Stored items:
- - - -

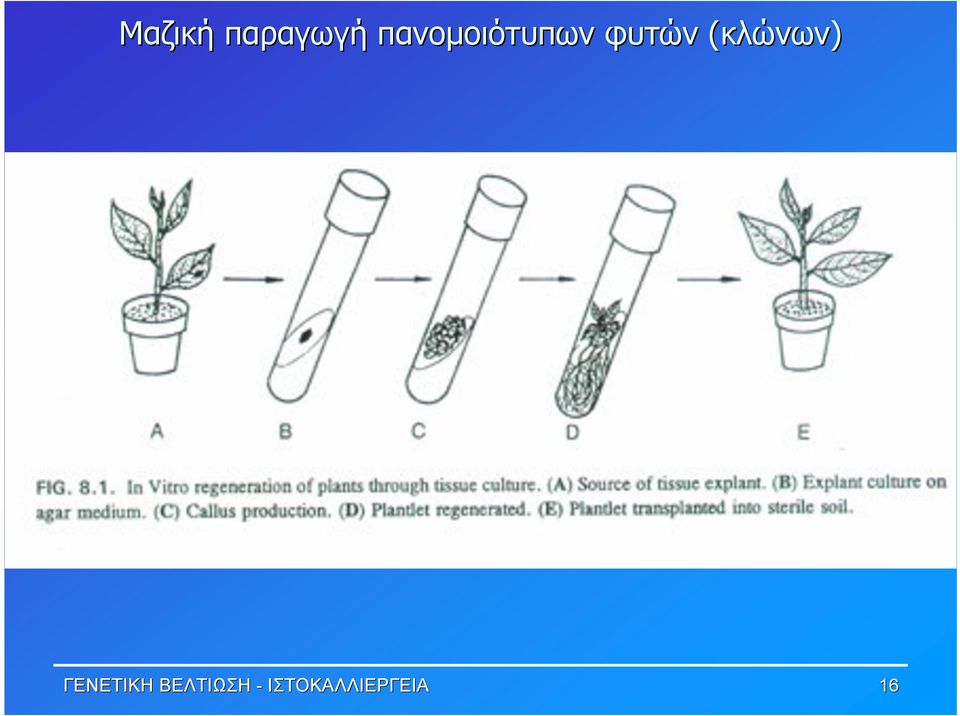 (κλώνων) ΓΕΝΕΤΙΚΗ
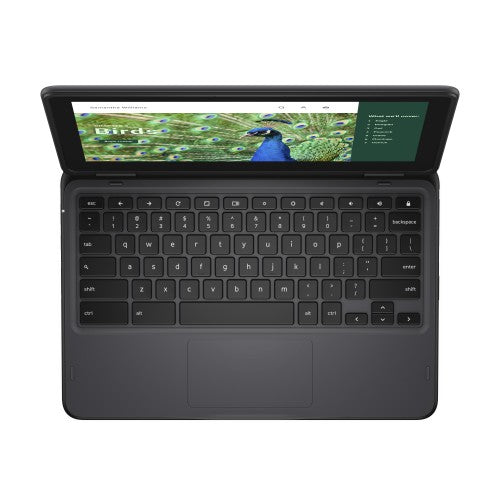 DELL Chromebook 3120 2-in-1 Intel® N N100 11.6" Touchscreen HD 4 GB LPDDR5-SDRAM 64 GB eMMC Wi-Fi 6 (802.11ax) ChromeOS Black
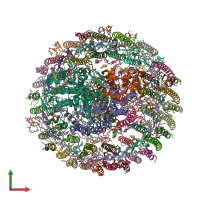 PDB entry 7xxf coloured by chain, front view.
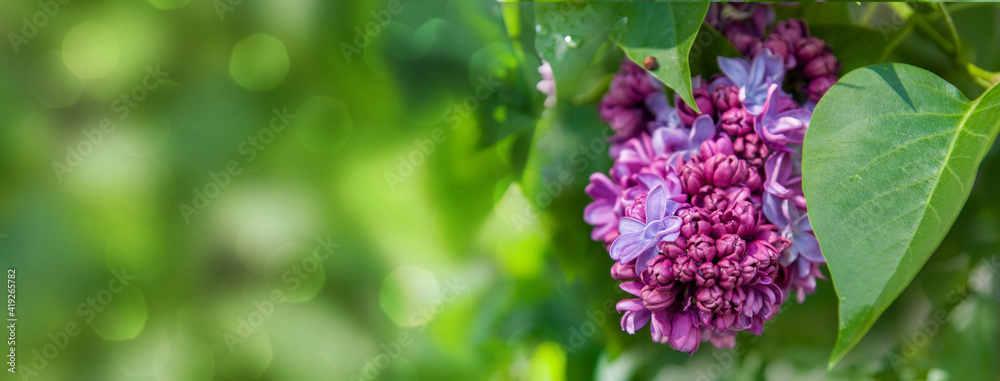 Lilac flowering shrub in sunny spring after rain. Spring background with bokeh and short depth of field. Place for your text. Lilac flowering shrub in sunny spring after rain. Spring background with bokeh and short depth of field. Place for your text.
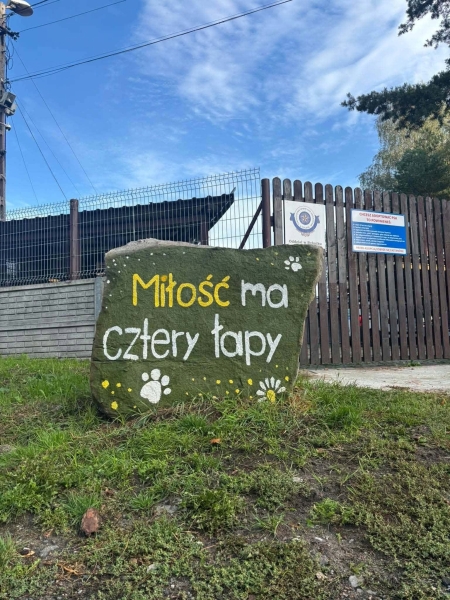 Klasy piąte z pomocą dla schroniska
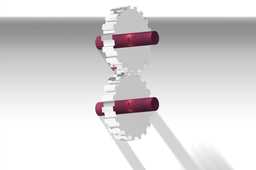 ���ֻ�
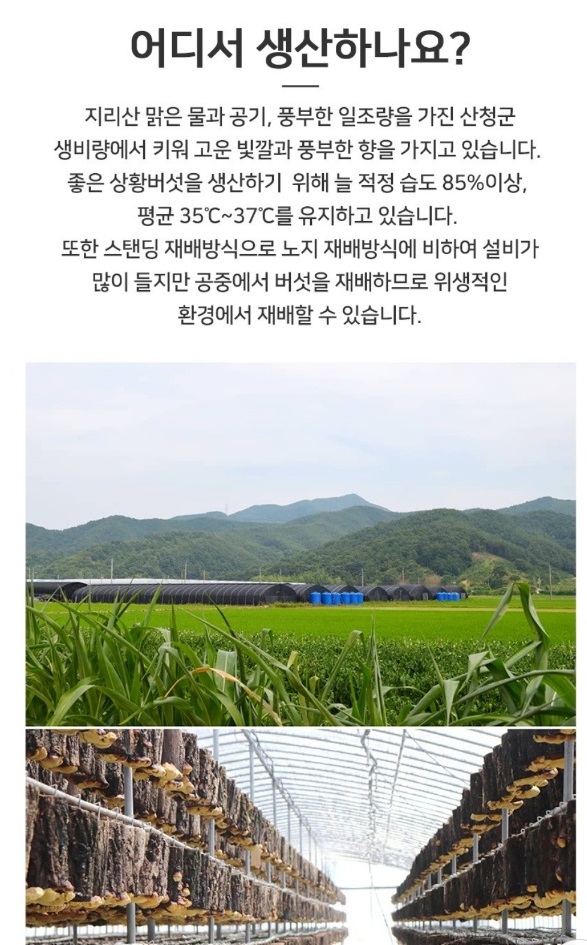 산청-유기농-상황버섯-지리산새희망상황버섯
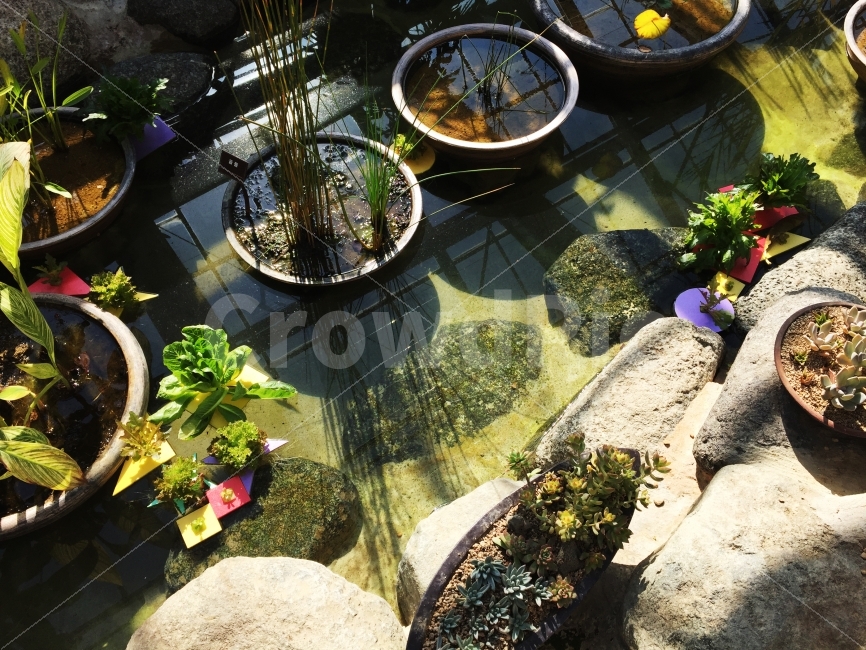 연못,화분,꽃,분위기,빛,식물,자연,plants,nature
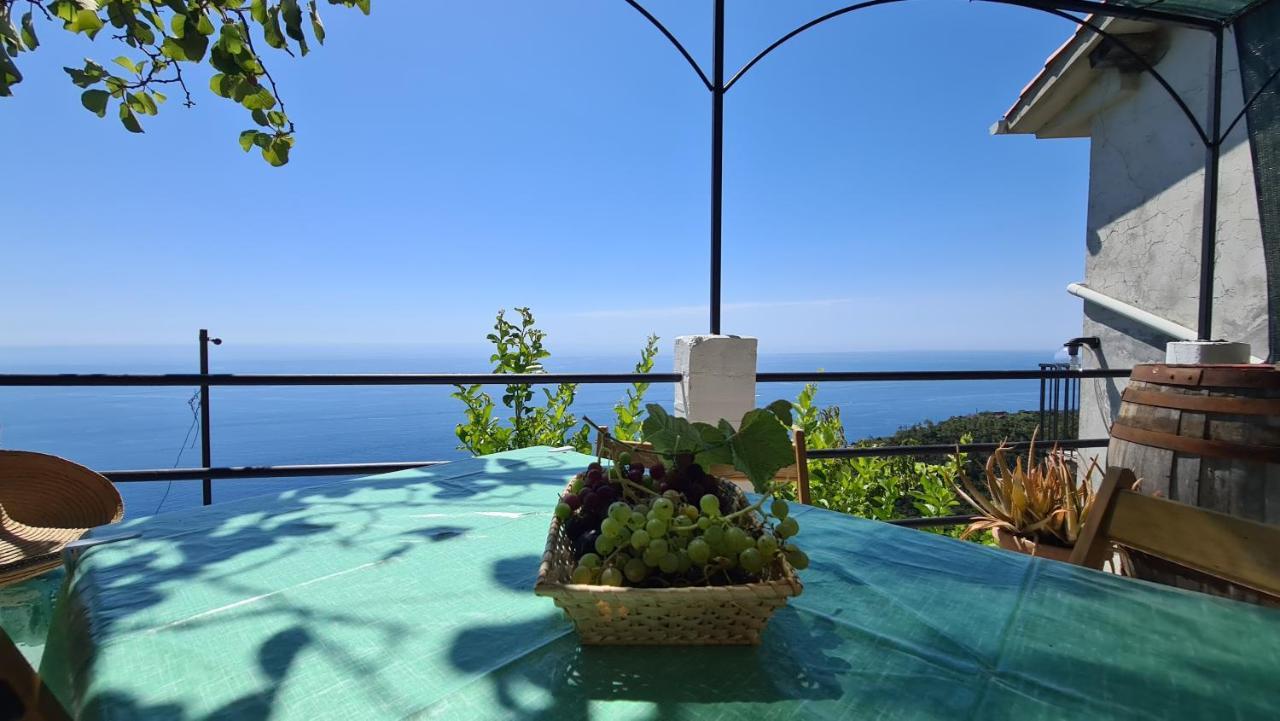 Appartamento Sunset - Homy 5 Terre Retreat Biassa Esterno foto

- - - -

**Action item**
Give back all of the entries verbatim, but without pictures.

**Exercise answer**
 (κλώνων) ΓΕΝΕΤΙΚΗ
 DELL Chromebook 3120 2-in-1 Intel® N N100 11.6" Touchscreen HD 4 GB LPDDR5-SDRAM 64 GB eMMC Wi-Fi 6 (802.11ax) ChromeOS Black
 PDB entry 7xxf coloured by chain, front view.
 Lilac flowering shrub in sunny spring after rain. Spring background with bokeh and short depth of field. Place for your text. Lilac flowering shrub in sunny spring after rain. Spring background with bokeh and short depth of field. Place for your text.
 Klasy piąte z pomocą dla schroniska
 ���ֻ�
 산청-유기농-상황버섯-지리산새희망상황버섯
 연못,화분,꽃,분위기,빛,식물,자연,plants,nature
 Appartamento Sunset - Homy 5 Terre Retreat Biassa Esterno foto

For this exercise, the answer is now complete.